Another sandwich! Can we ever enough of them? I guess not. I love desi sandwiches as much as I love the fancy ones. Remember my Desi Tawa Masala Sandwich! A sandwich with juice makes for a perfect summer meal.
This one’s a memory from my teenage years and I reckon most kids who grew up in the eighties and nineties fixed themselves this yogurt spread quick- fix-delight! There are probably a variety of ways this sandwich is made. Here I share the way my granny made it and then my Mum. I could fix this myself when I was about 13.
It takes five minutes to make and packs a punch.
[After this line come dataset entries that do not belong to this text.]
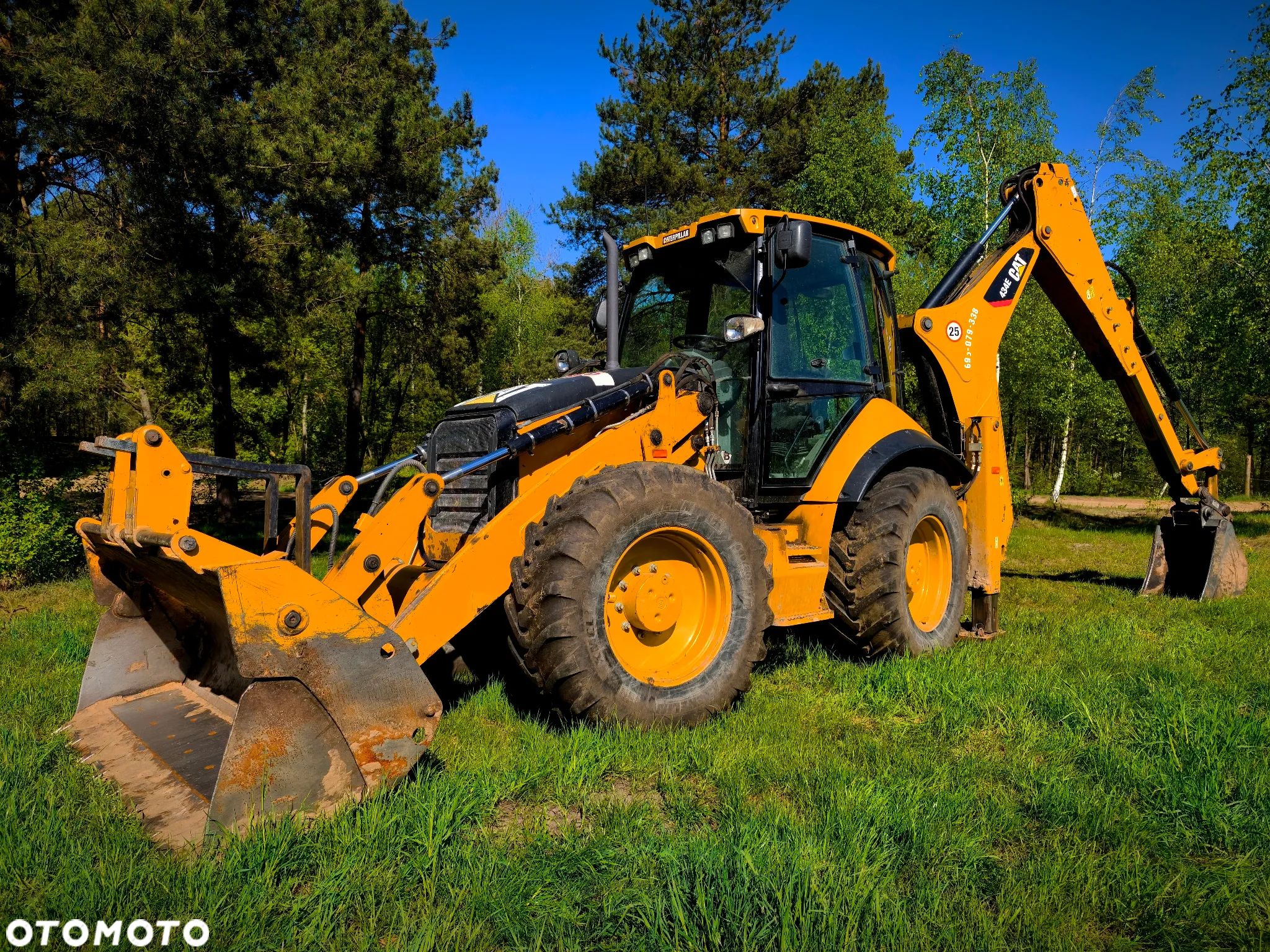 Caterpillar 434E - 1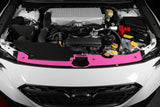 Perrin Radiator Shroud Kit Hyper Pink (PSP-ENG-513HP) | Subaru WRX 2022-2025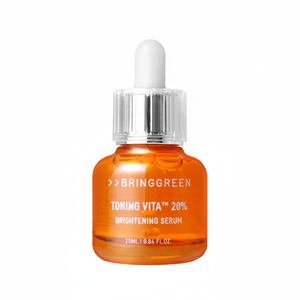 Vita 20% Bring Green Toning Brightening Serum 25ml K-Beauty Suero facial hidratante y antiarrugas Blanqueador Área objetivo - Product Image 2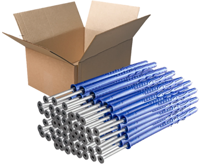 Rawl constructieplug ff1 pk torx tx40 10x160 | 25 stuks - r22-r-ff1-n-10l160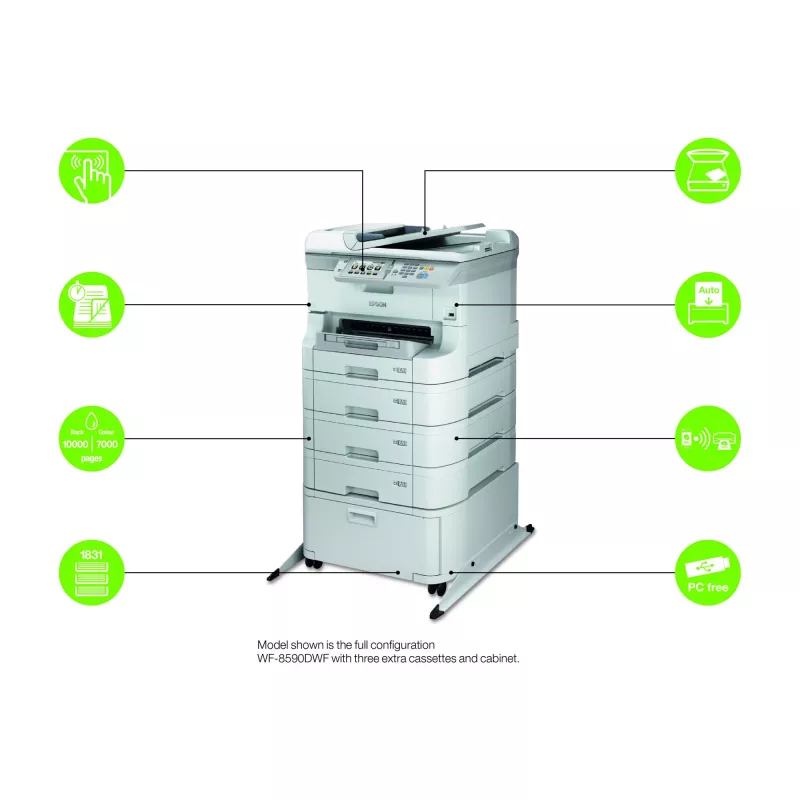 Cartuccia d'inchiostro XXL Epson C13T869240 ciano
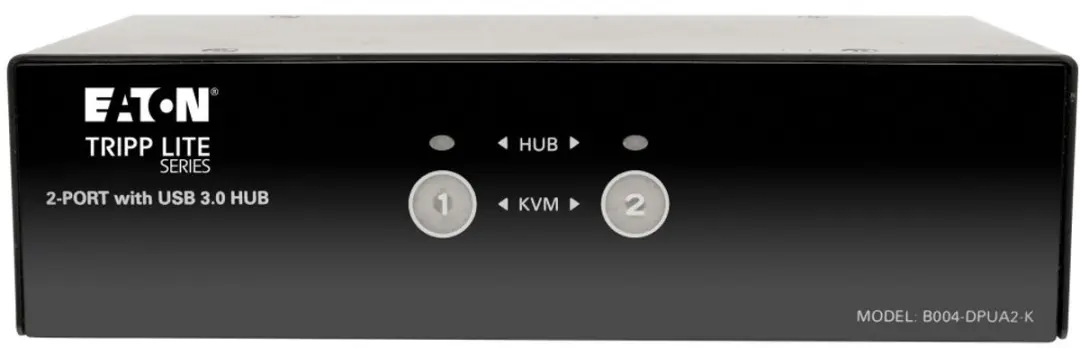 Tripp Lite B004-DPUA2-K KVM-switch - Zwart
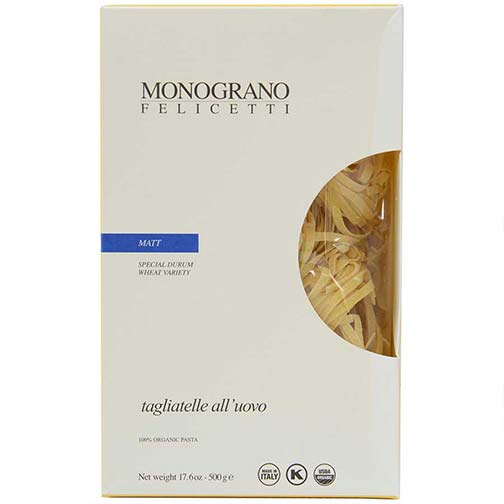 Kamut Chiocciole (single varietal pasta) Photo [1]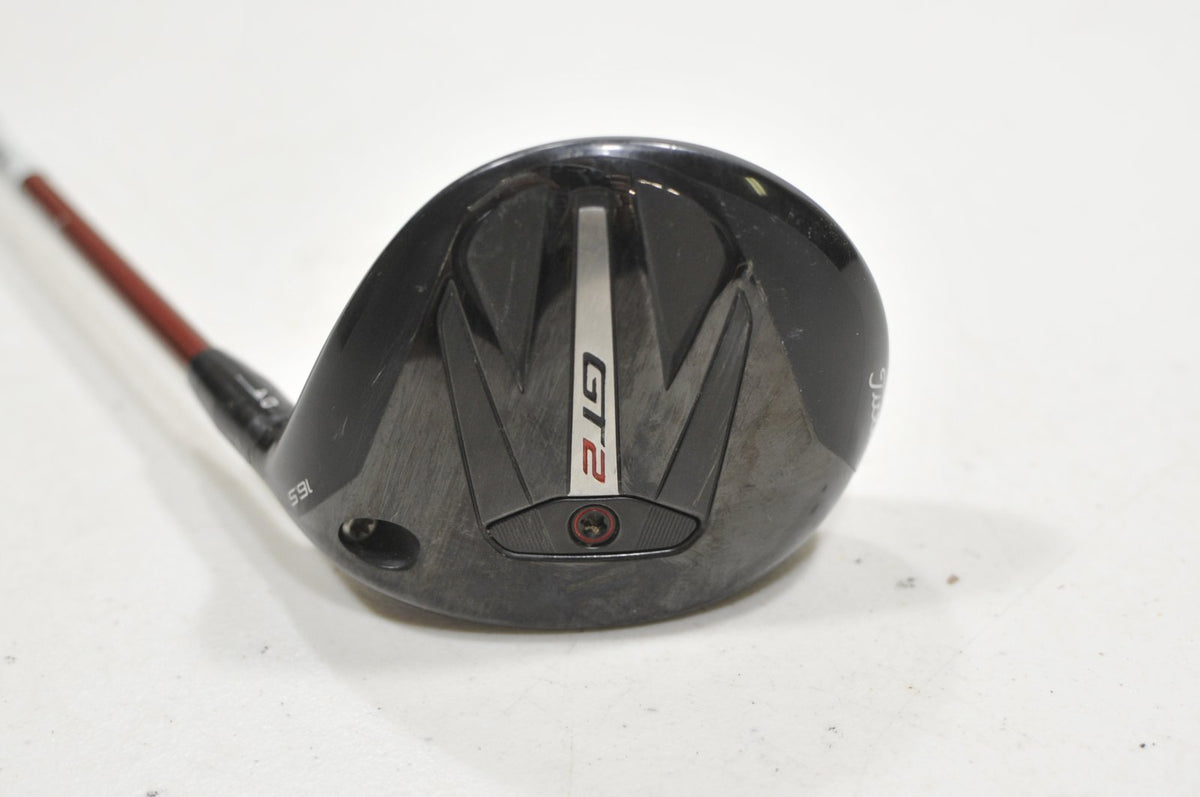 Titleist GT2 16.5* Fairway Wood Regular Flex Denali Red 5.5 60g Graphite #221439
White or brown sandwich bread
Some oil to brush the pan
Some mustard seeds/rai
10-15 curry leaves
For the spread
A cup of thick yogurt/curd/dahi
A medium onion chopped fine
A large green chilly chopped fine
A small bunch of coriander chopped fine
Salt to taste
½ tsp red chilly powder
¼ tsp asafoetida
(I sometimes like to splutter some mustard seeds in a tsp of oil, add some curry leaves and asafoetida and add to the yogurt spread)
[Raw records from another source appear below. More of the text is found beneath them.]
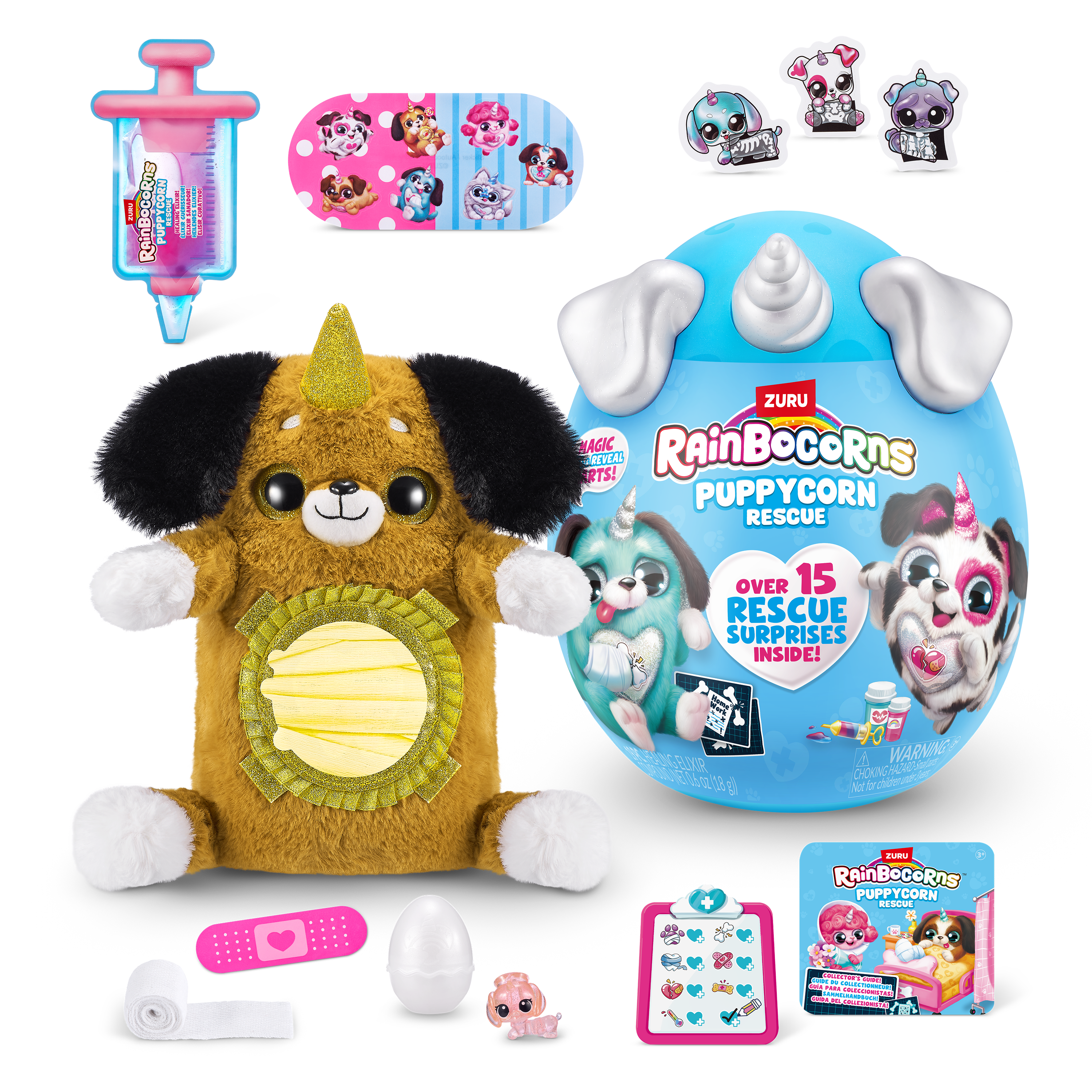 Фигурка Zuru Rainbocorns Puppycorn - фото 15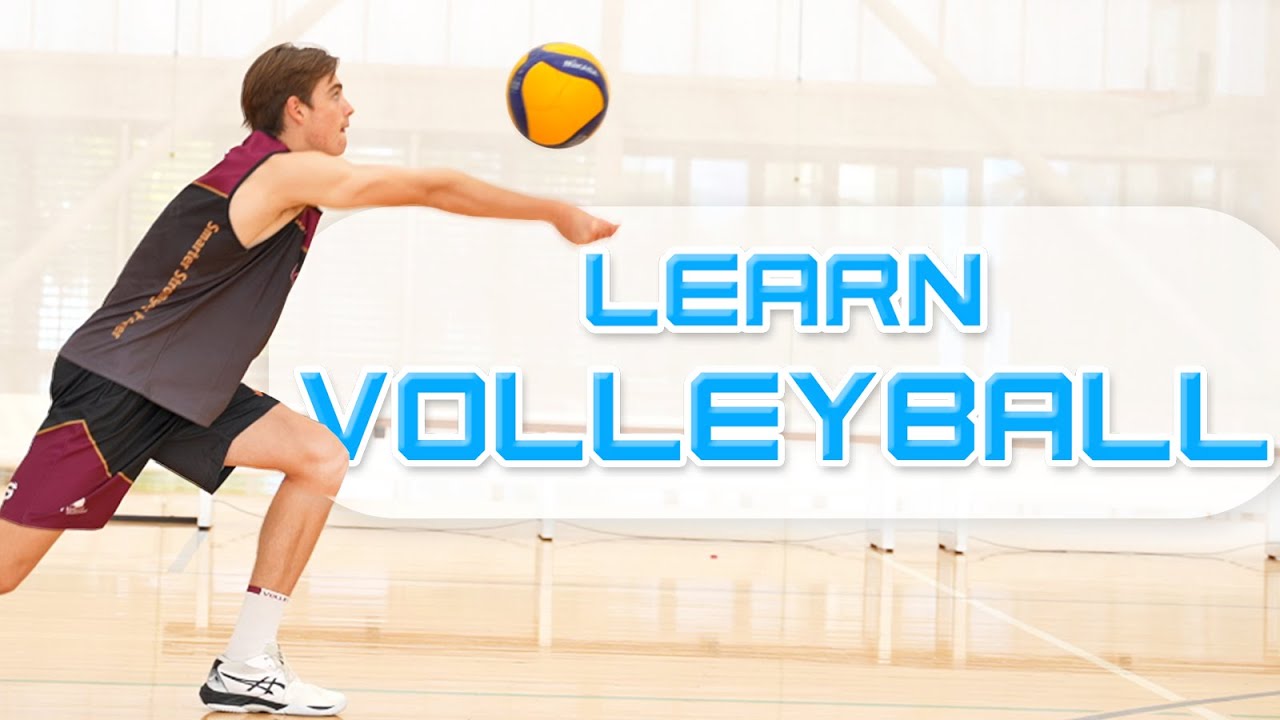 Обучаем основам ВОЛЕЙБОЛА для детей и подростков физкультуры 🏐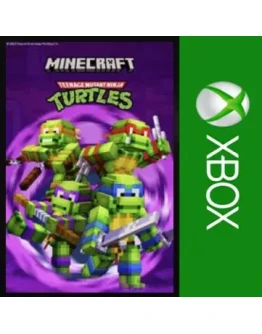 Minecraft Черепашки-ниндзя XBOX Куплю Вам.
Heat a non stick pan and brush it will oil. Drizzle a few drops in the centre.
Spread the slices with the yogurt mix.
Once the pan heats up, splutter half a tsp of mustard seeds and throw in a few curly leaves.
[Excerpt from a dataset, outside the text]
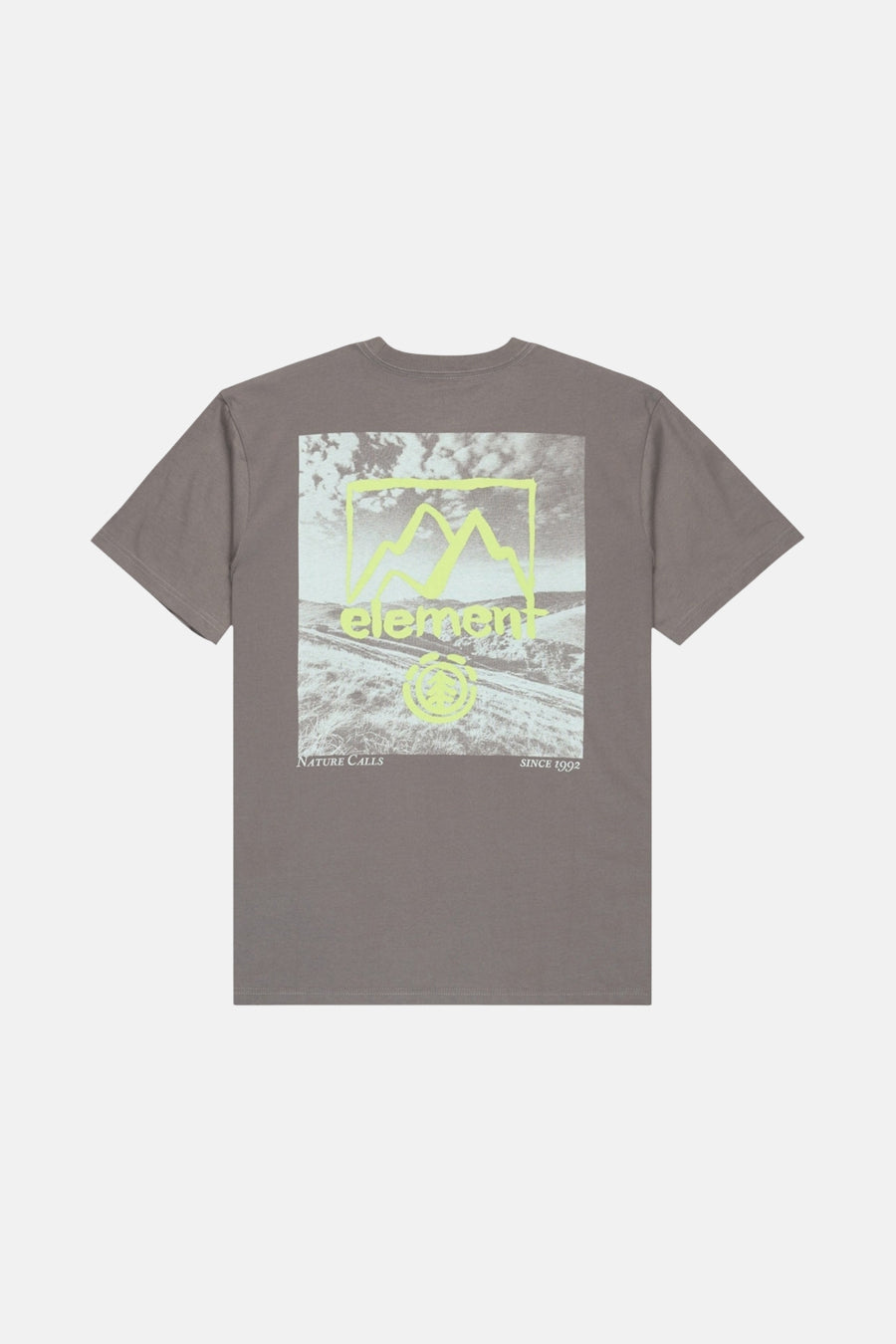 T-shirt à manches courtes - gris - ELEMENT - 4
Quickly place the sandwich on the mustard seeds.
Press down with a spatula so that the sandwich browns well all over.
Brush the top lightly with oil.
Flip the sandwich and brown the other side too.
Serve hot. It doesn’t really need any dip, ketchup or chutney.
Best enjoyed with a tall glass of chilled juice.
I blitzed a cup of grapes with half a tsp of sugar, some rock salt,chat masala and a dash of lime and it was a fabulous meal!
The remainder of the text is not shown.